#2 Soziales Netz
Das Sozialwesen zählt zu den gewichtigen Kapiteln des Landeshaushaltes, da es eine Vielzahl an Bereichen und Tätigkeiten abdeckt.

Luca Critelli, Direktor des Ressorts Familie, Senioren Soziales und Wohnbau des Landes Südtirol, beschreibt in einem Interview die aktuelle Lage und anstehende Herausforderungen.

 

Wie entwickeln sich die Ausgaben des Sozialwesens und welche sind die Trends in diesem delikaten Bereich?

In Südtirol lagen die Ausgaben für das Sozialwesen 2017 bei 474,3 Millionen Euro. Den höchsten Anteil daran, nämlich 213,5 Millionen Euro, nahm die Pflege von pflegebedürftigen Menschen in Anspruch. Dieser Betrag wächst aufgrund der demografischen Entwicklung um drei bis vier Millionen jedes Jahr. Eine kritische Phase wird für die Jahre 2030-35 erwartet. Dann kommen nämlich die sogenannten Babyboomer ins kritische Alter von mehr als 83 Jahren, ab dem sie statistisch gesehen häufiger pflegebedürftig werden.

Ein anderer Bereich, in dem Dienste und Leistungen zunehmen, ist jener der Menschen mit Behinderung. Während es mehr als begrüßenswert ist, dass die Lebensdauer dieser Menschen wächst, lässt dies auch den Aufwand für ihre Betreuung deutlich ansteigen. Menschen mit Behinderung wurden früher oft nicht älter als 40 bis 45 Jahre alt, während sie heute zum Glück deutlich länger leben. Und sie werden nach wie vor vorrangig in ihren Familien betreut; mit zunehmenden Alter fallen die Familien allerdings häufig aus. Dann werden geeignete Einrichtungen oder andere Fördermaßnahmen notwendig.

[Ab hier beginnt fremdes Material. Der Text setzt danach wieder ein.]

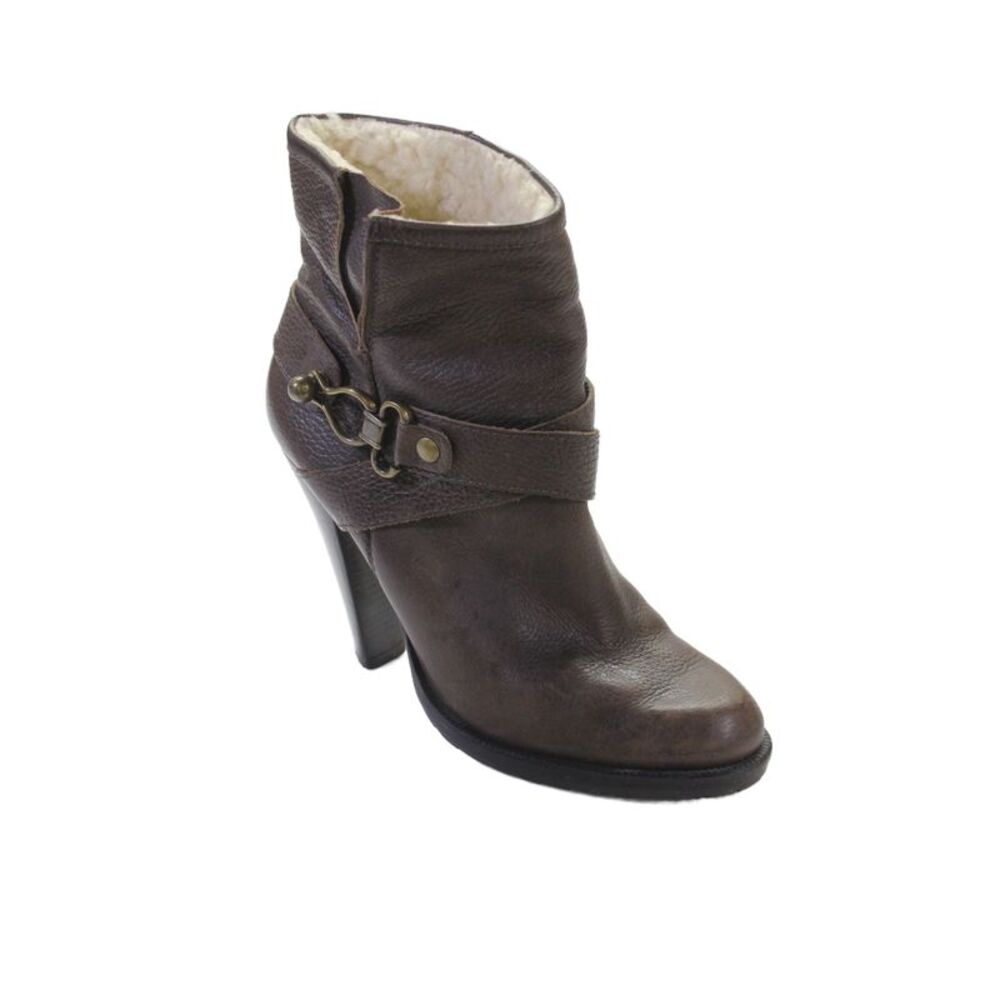 Cynthia Vincent Womens Slip On Block Heel Round Toe Booties Brown Leather 8.5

Einen beachtlichen Bedarf an Mittel hat auch der Bereich Jugendschutz: Sozialpädagogisch betreut werden etwa Jugendliche, die Probleme mit der Justiz oder mit Drogen haben. Aber auch die Instabilität der heutigen Familien erhöht merklich die Notwendigkeit für Familienberatung und psychologische Leistungen. Zu bedenken ist, dass inzwischen 30 bis 40 Prozent der Ehen in eine Trennung und schließlich in eine Scheidung münden.

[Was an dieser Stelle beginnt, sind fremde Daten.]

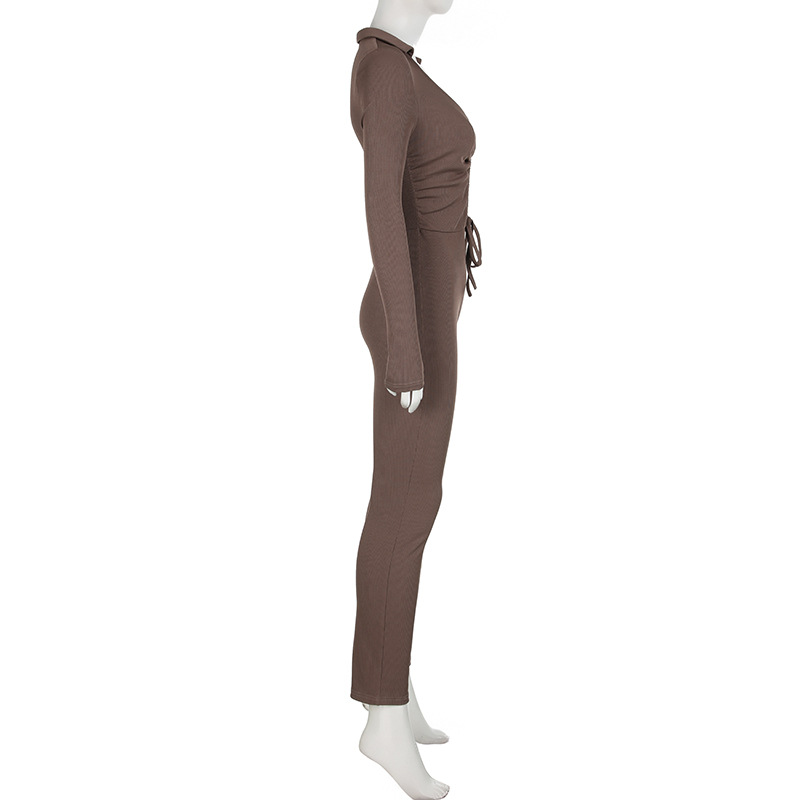 Sports Street Women Clothing Solid Color Polo Collar Pleated Drawstring Lace up Tight Long Sleeve Jumpsuit Skinny Pants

Es gilt, zudem jene Probleme zu lösen, die in Zusammenhang mit der Migration entstehen: Menschen ohne Dach über dem Kopf, für die eine Reihe von Leistungen zu erbringen sind. Wenngleich zu betonen ist, dass dieser Posten nur fünf Prozent der Mittel für das Sozialwesen beansprucht. Und schließlich ist die Armut zu bekämpfen – selbst Südtirol ist davor nicht gefeit.

 

Weil Sie das Problem ansprechen: Wie viele Personen sind in Südtirol von Armut betroffen?

Zunächst möchte ich zu bedenken geben, dass es zwei Formen der Armut gibt: die absolute Armut, bei der den Betroffenen das Mindeste zum Leben fehlt. Es handelt sich um Obdachlose, häufig haben diese einen Migrationshintergrund. Von relativer Armut spricht man, wenn eine Einzelperson weniger verdient als 60 Prozent des durchschnittlichen Einkommens anderer Mitglieder derselben Bevölkerungsgruppe. Zu den Personen, die in relativer Armut leben, zählen etwa solche mit einer geringen Rente, Arbeitslose, Großfamilien. Ein weiteres Phänomen ist jenes der sogenannten working poor: Dabei handelt es sich um schlecht bezahlte Menschen in prekären Arbeitsverhältnissen und schwacher Qualifikation, die Schwierigkeiten haben, die notwendigsten Ausgaben für ein Leben in Würde zu schultern. Diese Verhältnisse machen es auch äußerst schwierig, Geld für mögliche außerordentliche Spesen auf die Seite zu legen. Diese Personen haben daher nur geringe Möglichkeiten, am Lebensstandard teilzuhaben, der unsere Gesellschaft ausmacht. In dieser Risikogruppe finden sich Menschen mit psychischen oder gesundheitlichen Problemen, Abhängigkeiten oder einer Migrationsvergangenheit, aber auch Geschiedene und Alleinerziehende.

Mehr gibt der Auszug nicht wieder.